**Material provided**
+---+
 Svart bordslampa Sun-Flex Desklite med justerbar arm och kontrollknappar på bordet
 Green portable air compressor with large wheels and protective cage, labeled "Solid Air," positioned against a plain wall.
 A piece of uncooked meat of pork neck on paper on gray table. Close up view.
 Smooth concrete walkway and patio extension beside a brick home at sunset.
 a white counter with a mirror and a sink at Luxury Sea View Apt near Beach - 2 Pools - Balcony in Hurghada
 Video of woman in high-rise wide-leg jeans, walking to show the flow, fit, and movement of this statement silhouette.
+---+
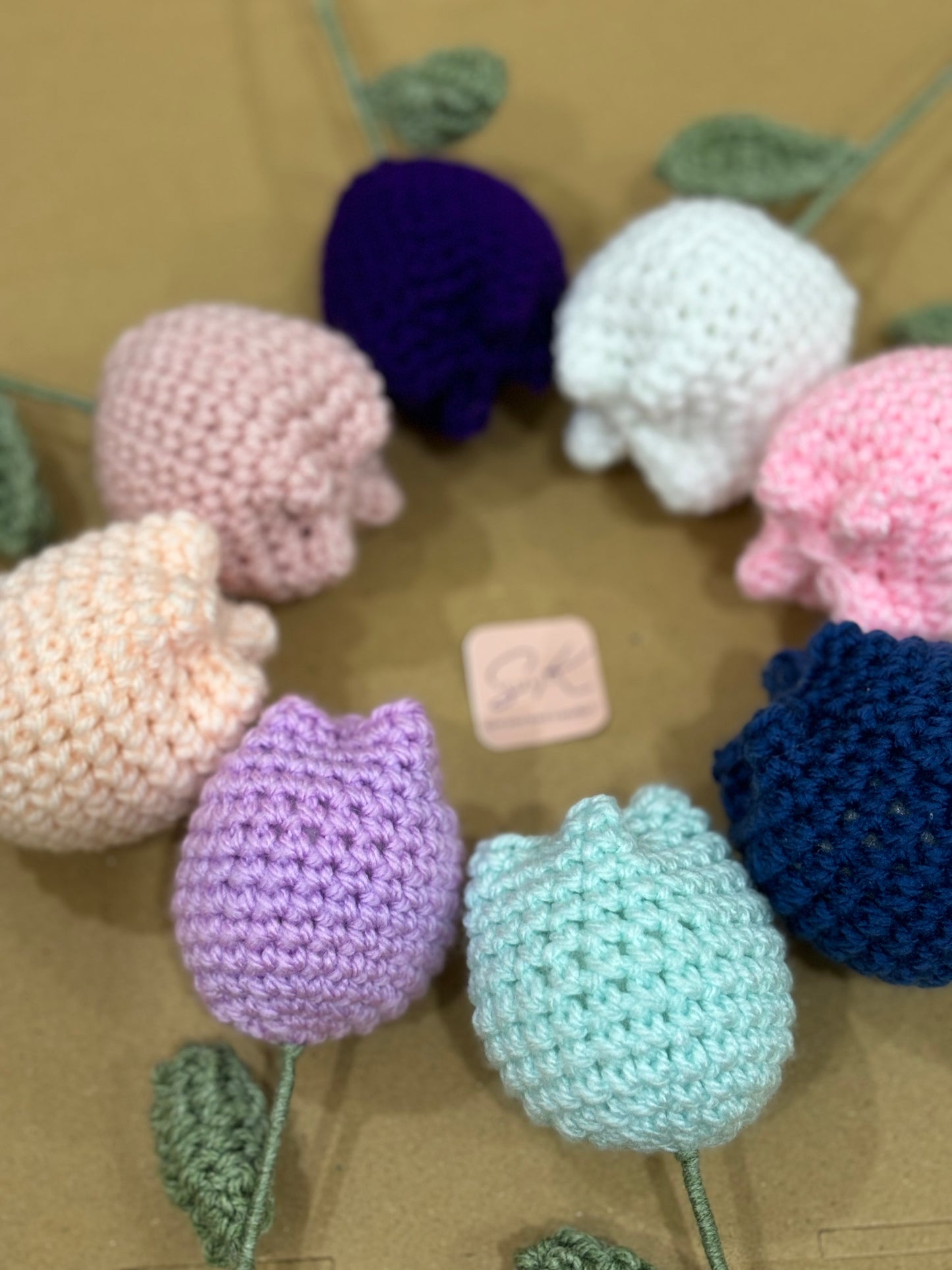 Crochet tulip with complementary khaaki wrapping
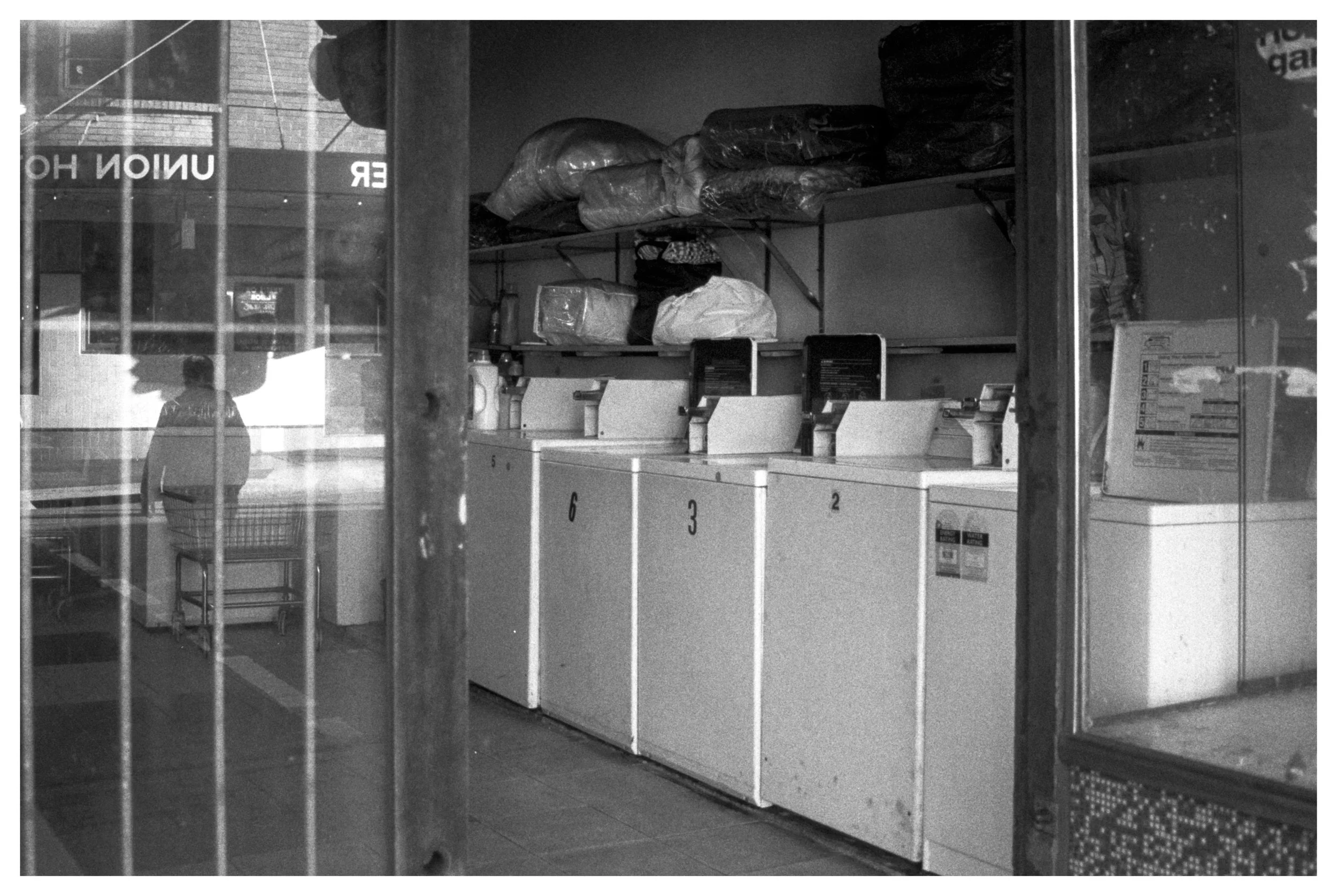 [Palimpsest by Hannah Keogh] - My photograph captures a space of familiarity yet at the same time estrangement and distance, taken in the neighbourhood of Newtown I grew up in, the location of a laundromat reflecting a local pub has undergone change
+---+
**Work task**
Beginning with the line that has "Svart bordslampa Sun-Flex" and ending with the line that has "Video of woman", set down the lines above exactly and include no others.

**Your solution**
 Svart bordslampa Sun-Flex Desklite med justerbar arm och kontrollknappar på bordet
 Green portable air compressor with large wheels and protective cage, labeled "Solid Air," positioned against a plain wall.
 A piece of uncooked meat of pork neck on paper on gray table. Close up view.
 Smooth concrete walkway and patio extension beside a brick home at sunset.
 a white counter with a mirror and a sink at Luxury Sea View Apt near Beach - 2 Pools - Balcony in Hurghada
 Video of woman in high-rise wide-leg jeans, walking to show the flow, fit, and movement of this statement silhouette.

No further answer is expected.